Разгорались, приближаясь, фоновые лампадки.
– Нет, угрызения не замучили, за какие грехи прикажете каяться? – вынырнул из зарева Веняков, сухонький, как показалось, посвежевший, но исполненный пурпурной торжественности, – каяться не в чем, мы уничтожали врагов социализма.
Камера невзначай скользнула по кинжалам, скрещённым шпагам, задержалась на сабле, наполовину вытащенной из ножен; кровоточил фон.
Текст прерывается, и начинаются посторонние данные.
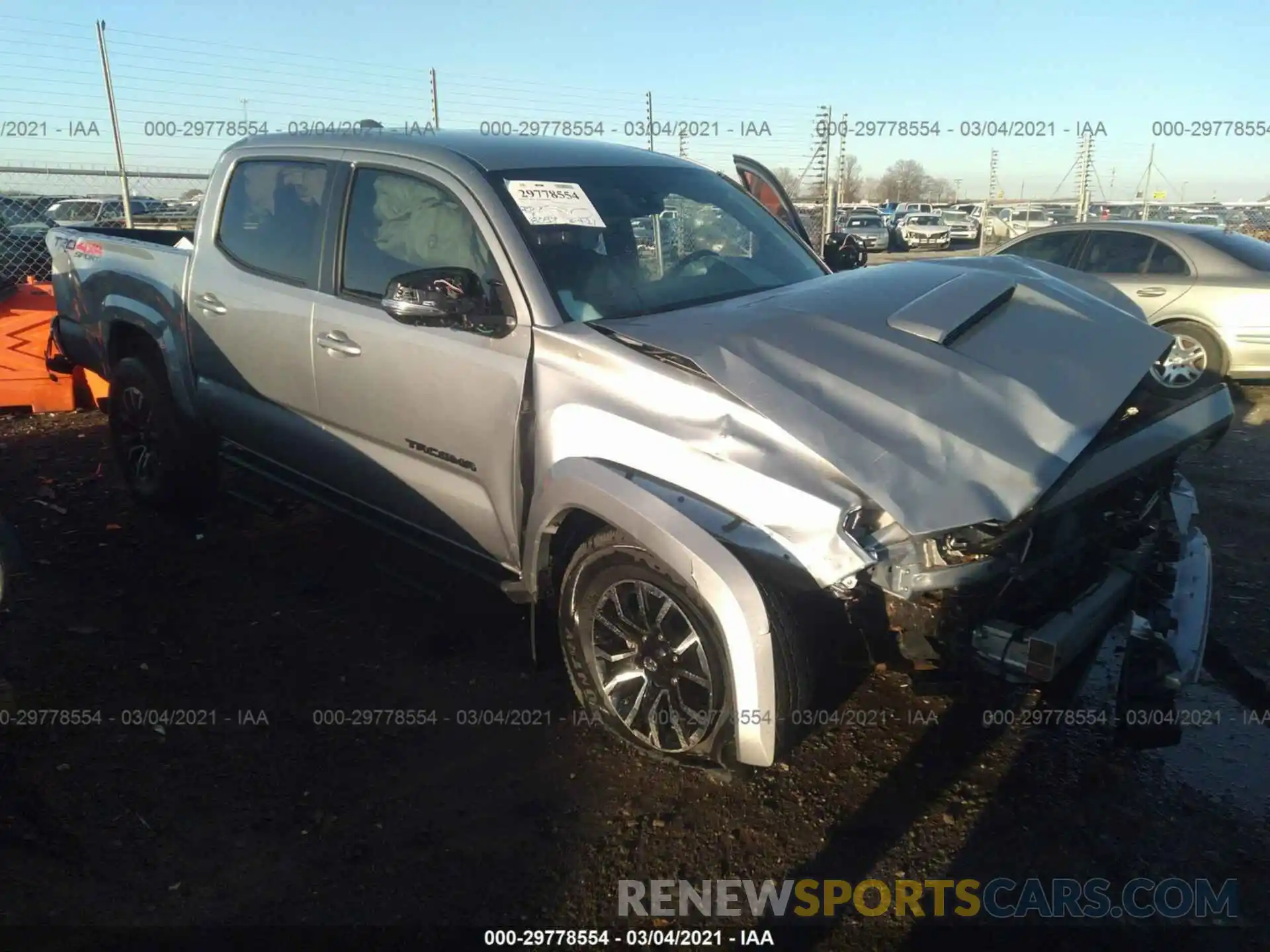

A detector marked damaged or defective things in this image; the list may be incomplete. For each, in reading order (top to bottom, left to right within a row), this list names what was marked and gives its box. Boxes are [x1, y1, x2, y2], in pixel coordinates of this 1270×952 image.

damaged silver truck [47, 134, 1228, 772]
crumpled hood [601, 257, 1175, 534]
– Он… тот враг социализма, нерусский был?
– Изучали его родословную до седьмого колена – поляки, прибалтийские немцы, русские, он воспитывался в набожной католической семье.
– Хорошо хоть обошлось в роду без евреев, а то бы национал-патриоты наши… – пошутил, не глядя в камеру, Белогриб.
– Ну-у, евреи-то как раз по нашу сторону баррикад толпились, – Веняков едва разжал губы, ответил на шутку шуткой.
– Французские шпики не замечали опасного столпотворения?
– Продажные бездарности! Потом в Испании от души повеселился, когда в газетах беспомощные полицейские отчёты о нашей операции прочитал.
– Правда ли, что на даче Полевицкой анархисты начиняли бомбы? И она, говорят, даже продавала людей… маска с хлороформом и…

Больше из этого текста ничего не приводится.